You think this one’s easy right? Pants are, well, pants.
But not so fast; it depends which side of the pond you’re on.
In the U.S., “pants” means trousers or slacks but those terms are very rarely used these days. It’s believed that we shortened “pantaloons” to “pants.”
However, in the U.K., “pants” means underwear and what Americans call pants are called “trousers.” Capiche? (It may make more sense if you think of “pants” as the shortened version of “underpants.”)
So when visiting the U.K., be careful using the word “pants” so to avoid embarrassing yourself, as this young lady did:
(story told in the words of one of my Facebook fans)
My daughter is a student at University of Edinburgh when she arrived there 3 years ago she had a memorable experience with “pants and trousers.” I still laugh when I think about it.
The weather in Scotland is without a doubt freezing cold and brutal for a young lady from Southern California who’s used to wearing sandals and tank tops all year round. She quickly learned to bundle up. She also learned that “pants” has two meanings.
The morning of her first day she paid no attention to the sleet/rain/high winds that were beating against her dorm window and decided on a cute little skirt and a pair slip on shoes. Fashion prevailed! Bad idea.
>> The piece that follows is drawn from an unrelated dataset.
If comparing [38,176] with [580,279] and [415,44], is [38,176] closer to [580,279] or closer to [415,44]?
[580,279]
By the time she arrived at her first class she was soaked to the bone, and freezing. She walked in and introduced herself to the professor, they exchanged pleasantries and she told him she was really cold and should have worn pants. The professor turned a bright shade of red and asked her to please take a seat. A few of the other students looked at her kind of funny as well. She had no idea what had just happened…until the girl behind her leaned forward and told her.
Poor thing wanted to die!
The word “pants” is also used by Brits as a form of slang to mean “not good” or “rubbish.”
Example: “The last film I saw was pants!”